Auto-Deleting Data

  • Comments posted to this topic are about the item Auto-Deleting Data

  • Personally I think auto-deleting data is a very bad idea - kind of burning the library of Alexandria. Not all data is valuable on its own however in context and with lots of points in data this brings back a picture of a civilisation.
    In thousand years the issue of PII now is irrelevant. However someone looking for ancestors might just get lucky to know his foreforeforefather if that record still exist in some retrievable form of which we today think it is irrelevant.

    The Sumerians pretty much had the same approach to their clay tablets. Good for some time, then break up and use as old tiles for the roof maybe.
    Only reason we know of their accounting are a few of these clay tablets which allowed us to decipher their language.

  • Wow, Steve, you definitely pushed my buttons with this one. It is my humble opinion ( note I don't use the vernacular there ) that the evolution of mass storage has lead to a drastic decline in the skillset to properly analyze, summarize, and archive data.  It's easier to throw money at storage than to logically,  properly and safely handle data volume. 
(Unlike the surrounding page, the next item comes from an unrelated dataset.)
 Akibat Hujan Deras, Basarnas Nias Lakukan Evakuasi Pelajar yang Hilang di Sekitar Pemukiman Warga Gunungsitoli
    First of all, there needs to be logical analysis of what level of detail and age of data actually needs to be kept online and instantaneously available.  Such things as customer purchase history of product that is no longer available.  Detail of price paid thirty years ago.  Where the product was shipped then.  This requires an analytical skill to be properly accomplished.

    Secondly, proper storage of detail seems to be currently way out of control.  While the above mentioned things may be required legally and for business decisions, we don't need to be paying for mass storage online.  Several of my early positions in IT required the use of off-line data storage for bulk data that could be retrieved IF and WHEN needed.  And by off-line, I mean that literally, not just moved to another live system.  We were simply expected to design this into our systems.  And this required not only proper design of systems themselves but also the physical location and safety of the data.  I haven't seen the old magnetic tape storage in decades, but it did serve a huge purpose in one-time cost, ease of off-premises storage but with acceptable accessibility within a reasonable time-frame.  Today a removable disk drive can contain many, many times the volume at reasonable cost. 

    In the 'old days', it was often the case that local business would actually reciprocate and trade off-premises storage of bulk data.  If summarization is adequately designed, appropriate detail may be identified and made available within a very reasonable timeframe.  

    IT professionals need to get over the idea that you can just pay ongoing costs for data storage and focus on designing both logical and physical storage with appropriate detail available for appropriate timeframes.  There definitely still is a place of off-line bulk data storage.

    Rick
    Disaster Recovery = Backup ( Backup ( Your Backup ) )

  • Knut Boehnert - Tuesday, May 1, 2018 2:18 AM

    Personally I think auto-deleting data is a very bad idea - kind of burning the library of Alexandria. Not all data is valuable on its own however in context and with lots of points in data this brings back a picture of a civilisation.
    In thousand years the issue of PII now is irrelevant. However someone looking for ancestors might just get lucky to know his foreforeforefather if that record still exist in some retrievable form of which we today think it is irrelevant.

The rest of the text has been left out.